レオナルドと共に隣国、つまりレイラの祖国へと送り込んだ数名の王家の影の内の一人が、レオナルドの判断により、夜を徹してガブリエルの元へ舞い戻り、舞踏会での出来事を報告したからだ。
「遠路遥々ご苦労だった。
明日の同じ時間、またここに来てくれ。その後、その足でまた隣国へ行ってもらいたい。
それまで確り眠って、身体を休めてほしい」
ガブリエルは影を労い、寝ずの業務に当たった点を考慮して丸一日休暇を出す。
影が部屋から退室したあと、一人になったガブリエルは自分を落ち着ける目的で大きく息を吸って吐いた。
(あいつ、またレイラに関わったのか)
第一王子が何もしないわけがないとは思っていた。
一言で言えば、想定通りである。
想定通りであるがしかし、腹は立つ。
(私が王族でなければ――いや、王太子でなければ、今すぐ駆けつけられるのに)
ガブリエルは強く拳を握りしめた。
失いたくない。どうしてもレイラがほしい。
だからこそ、一番の腹心の部下であるレオナルドを護衛兼エスコートとして、しかもレイラの両親の了解も取り付けた上で、真正面から送り込んだ。
王家の影も、自分についている倍の数を送り込んだ。
その様を見た両親や側近たちに、過保護だ溺愛だと言われようとも、一向に構わなかった。
周囲の言葉など気にしていられない。
恐ろしいのは、レイラがこの手をすり抜けてしまうこと。
何処か、手の届かない所へ行ってしまうこと。
もしも他の男に取られてしまったら、すぐさま取り返すまでではある。
しかしそれでも、嫉妬に狂って理性を失う自信がある。
もしかしたら相手の男を殺して、城の何処か安全な場所にレイラを閉じ込めてしまうかもしれない。

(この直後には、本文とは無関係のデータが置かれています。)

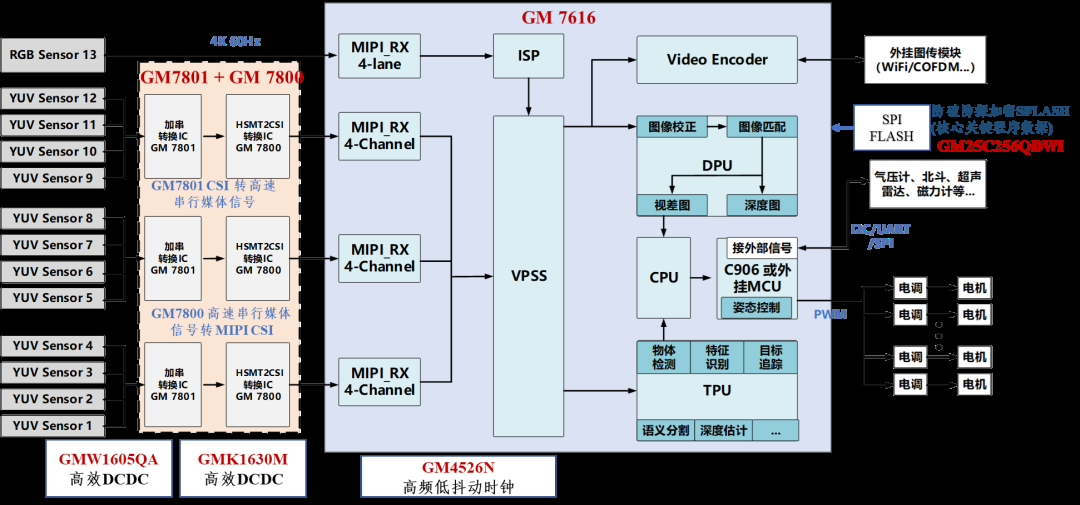 感传算一体化高清视觉智能处理平台，赋能“AI +”产业落地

そんなことは望んでいないのに、もしもを考えるとそんな最悪の未来しか想像できなくて、ガブリエルは自嘲する。
(私は、こんなに酷いことを考えるタイプだったか……?)
自問自答した答えは、ノーだ。
思い返してみても、こんなに腸が煮えくり返るような苛立ちは知らないし、果てしない胸のムカつきを感じたこともない。
「大分重症だな」
はは、と乾いた笑みを零し、ガブリエルは片手で顔を覆った。
愛しいと、この上なく大切だと、たった一人の女性を思う日が来るなどとは思ってもみなかった。

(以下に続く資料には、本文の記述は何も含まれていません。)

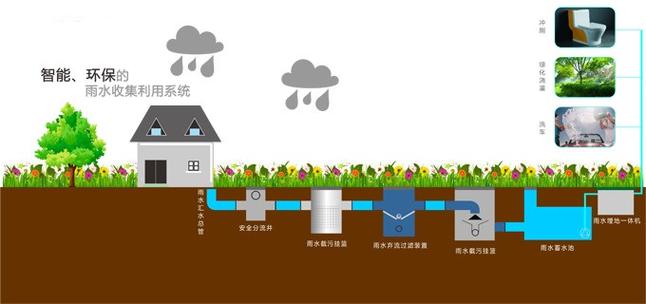 雨水收集及回用系统，雨水收集系统原理讲解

ガブリエルはもう一度溜息をついて、疲れたように執務用の椅子に腰を下ろした。
「レイラ。早く戻ってこい」
するりと、囁くように唇から紡ぎ出されたガブリエルの願いは誰にも聞き届けられることはない。
ただ、広い執務室に寂しく響いた。
*****
「レイラ様、こちらをどうぞ」
「?」
ラルフがレオナルドに懐いた数日後。
ラルフと約束した朝の稽古を終え、公爵家の用意した湯で汗を流した後のレオナルドから、レイラは封筒を手渡された。
「殿下からです」
「!」
レイラは、驚きに目を見開き、手にした封筒を食い入るように見つめた。
幾ら見つめても中の文字が見えるはずもなかったが、レイラへ、と書かれた表面を、ガブリエルの印章が押された蝋で封じられた裏面を、穴が空くほど見た。

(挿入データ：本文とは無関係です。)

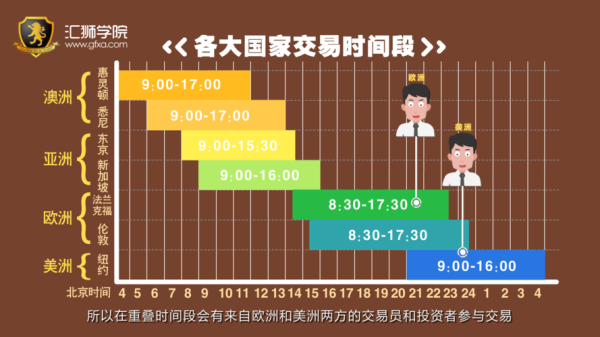 一天24小时都可以结汇吗？（外汇看几小时交易）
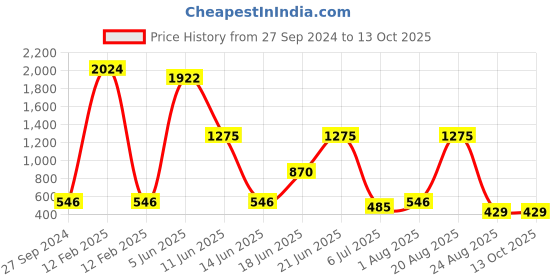 myntra.com NOY Delight Makeup Combo - Indulge In Double The Beauty Joy - Combo No 428 noy Price History Graph from 27 Sep 2024 to 12 Oct 2025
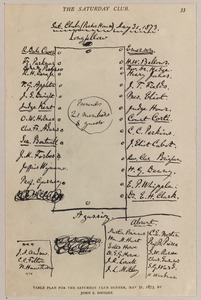 Table plan for the Saturday Club Dinner, May 31, 1873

レオナルドは、いつも通りの無表情でレイラを見ていたが、明らかに封筒を意識しているレイラを見て、少し安心したように瞳を細めた。
その後、レオナルドを交えての家族揃っての朝食は、レイラにとってはほぼ味がしないものとなった。
手紙の内容が気になって仕方なくて、完全に心ここにあらず状態だったからだ。
家族たちは、まだ舞踏会のことが尾を引いているのかと心配しつつ気を遣い、ぼんやりとしたレイラの様子に触れることはなかった。
ただ一人、直接的な主因を知るレオナルドだけは、しまった朝食のあとに渡せばよかったと、内心後悔していたが。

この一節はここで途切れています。